La fiesta litúrgica de los Santos Ángeles Custodios empezó a celebrarse en España y en Francia en el siglo V. En 1670, el Papa Clemente X la extendió a la Iglesia universal, fijando su celebración en el día 2 de octubre. Que Dios hiciera ver al fundador esta partecica de la Iglesia en la fiesta de los Santos Ángeles, parece como una llamada de la Providencia a no perder nunca el punto de mira sobrenatural: hay muchos ángeles en nuestro camino, nos custodian ejecutando las órdenes del Señor y bendiciéndole siempre, como recuerda la Escritura Santa en textos que, en 1928, se leían en la liturgia de la Misa del 2 de octubre[11].
En este año mariano que el Prelado ha establecido para el Opus Dei, la acción de gracias de sus fieles y de quienes participan en sus apostolados, se dirige a la Virgen María, el primer opus Dei por razón de excelencia, como la llamó el Santo Padre Juan Pablo II, durante una audiencia concedida a Mons. Álvaro del Portillo en los primeros días de su pontificado. Pedimos a nuestra Madre del Cielo que nos haga pequeños, humildes, para llenarnos de Dios.
* * *
[1] San Josemaría, Apuntes íntimos, nn. 306, en A. Vázquez de Prada, El Fundador del Opus Dei, vol. I, Rialp, Madrid 1997, pp. 293.
[2] Benedicto XVI, Encuentro con el mundo de la cultura en el Collège des Bernardins de París, 12- IX -2008; cfr. Jn 5, 17.
[3] Joseph Ratzinger, El espíritu de la liturgia, Madrid, 2001, p. 218.
[4] San Josemaría, Apuntes íntimos, nn. 217-218, en A. Vázquez de Prada, El Fundador del Opus Dei, vol. I, Rialp, Madrid 1997, pp. 380-381.

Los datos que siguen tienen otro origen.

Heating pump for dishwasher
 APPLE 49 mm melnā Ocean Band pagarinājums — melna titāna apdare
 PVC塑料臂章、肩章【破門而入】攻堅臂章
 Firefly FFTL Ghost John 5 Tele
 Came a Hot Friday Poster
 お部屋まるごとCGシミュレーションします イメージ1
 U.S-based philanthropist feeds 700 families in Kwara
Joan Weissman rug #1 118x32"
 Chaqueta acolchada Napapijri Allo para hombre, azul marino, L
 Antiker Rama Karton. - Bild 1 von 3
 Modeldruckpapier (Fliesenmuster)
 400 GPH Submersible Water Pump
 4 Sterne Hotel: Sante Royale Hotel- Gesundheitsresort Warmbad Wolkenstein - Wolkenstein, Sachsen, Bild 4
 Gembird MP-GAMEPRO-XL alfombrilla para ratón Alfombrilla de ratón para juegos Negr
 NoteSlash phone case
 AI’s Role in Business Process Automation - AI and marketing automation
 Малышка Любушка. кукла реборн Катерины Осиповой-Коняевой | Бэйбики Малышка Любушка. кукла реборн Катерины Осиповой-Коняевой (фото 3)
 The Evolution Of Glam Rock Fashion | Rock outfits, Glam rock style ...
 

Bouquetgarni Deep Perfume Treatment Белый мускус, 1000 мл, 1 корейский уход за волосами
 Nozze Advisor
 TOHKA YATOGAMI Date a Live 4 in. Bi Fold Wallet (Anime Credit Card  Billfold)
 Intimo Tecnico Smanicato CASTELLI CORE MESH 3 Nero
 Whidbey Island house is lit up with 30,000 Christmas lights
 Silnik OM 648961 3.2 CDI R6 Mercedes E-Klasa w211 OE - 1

[5] San Josemaría, Amigos de Dios, n. 26.
[6] Cfr. Pedro Rodríguez, Fernando Ocáriz, José Luis Illanes, El Opus Dei en la Iglesia, Madrid, 2001, p. 22.
[7] San Josemaría, Conversaciones, nn. 47.
[8] San Josemaría, Es Cristo que pasa, n. 89.
[9] Cfr. Misal Romano, Sanctus.
[10] Cfr. Constitución Dogmática Lumen Gentium, n. 11.
[11] Cfr. Ex 23, 20-23; Sal 91 (90), 11-12; 103 (102), 20-21.